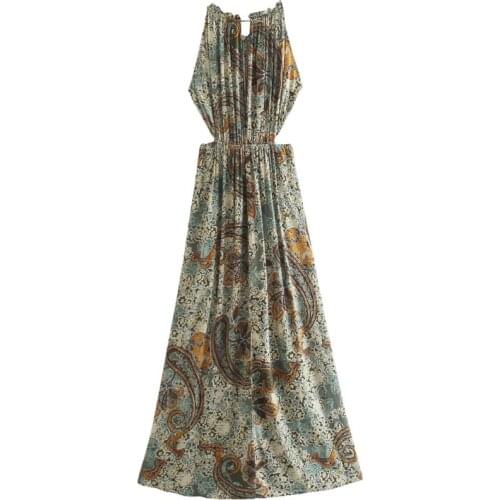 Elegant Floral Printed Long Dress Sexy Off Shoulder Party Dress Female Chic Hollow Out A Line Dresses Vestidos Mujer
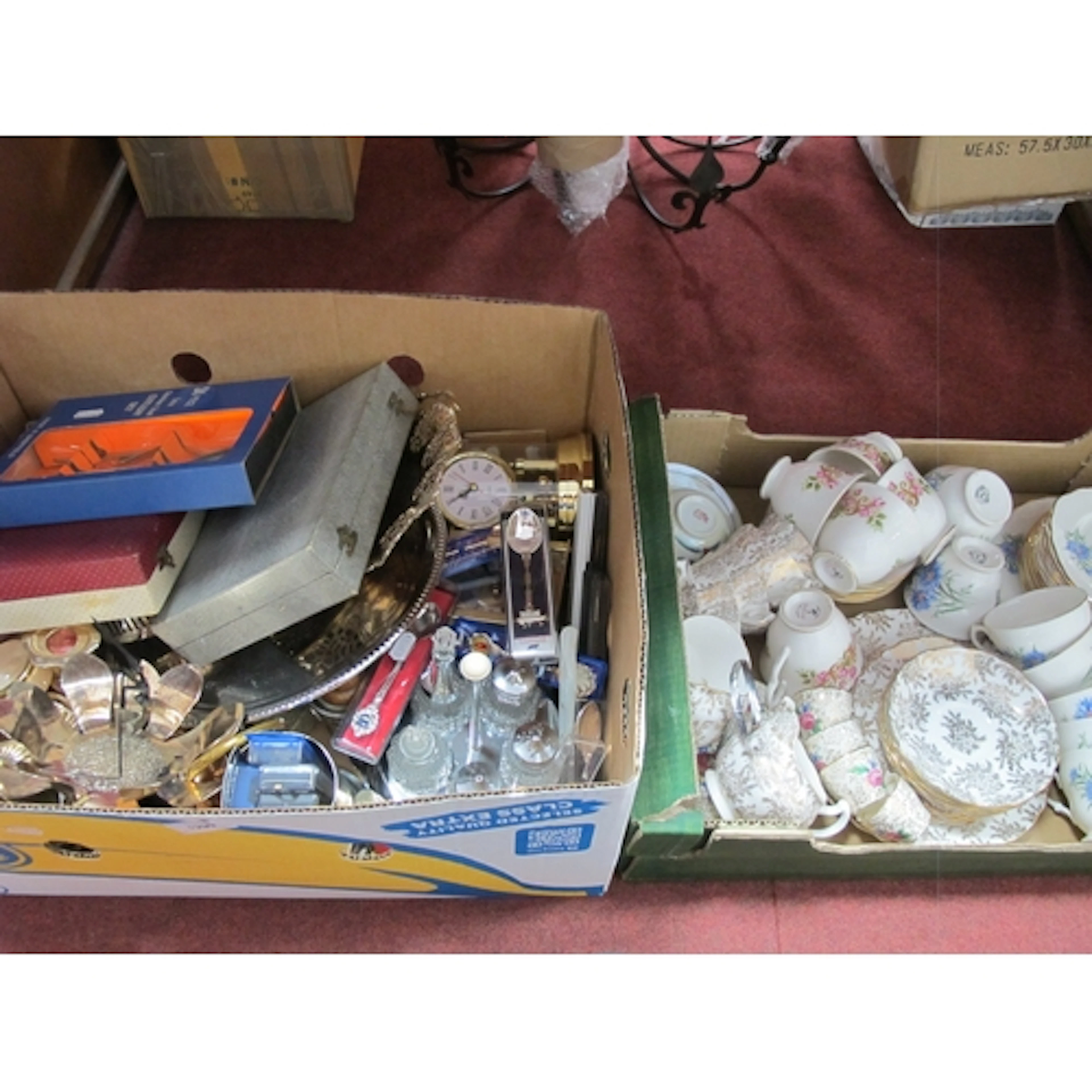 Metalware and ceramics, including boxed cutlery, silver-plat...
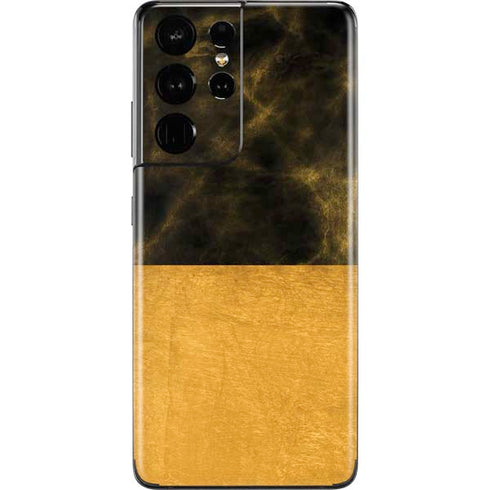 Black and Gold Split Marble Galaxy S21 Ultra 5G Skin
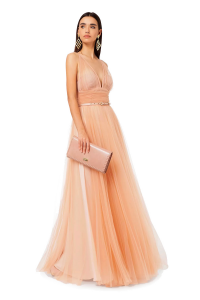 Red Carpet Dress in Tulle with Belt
___
* ACTIVITY *
Repeat the material above precisely as it appears, omitting the images it contains.

* ANSWER SPACE *
 Elegant Floral Printed Long Dress Sexy Off Shoulder Party Dress Female Chic Hollow Out A Line Dresses Vestidos Mujer
 Metalware and ceramics, including boxed cutlery, silver-plat...
 Black and Gold Split Marble Galaxy S21 Ultra 5G Skin
 Red Carpet Dress in Tulle with Belt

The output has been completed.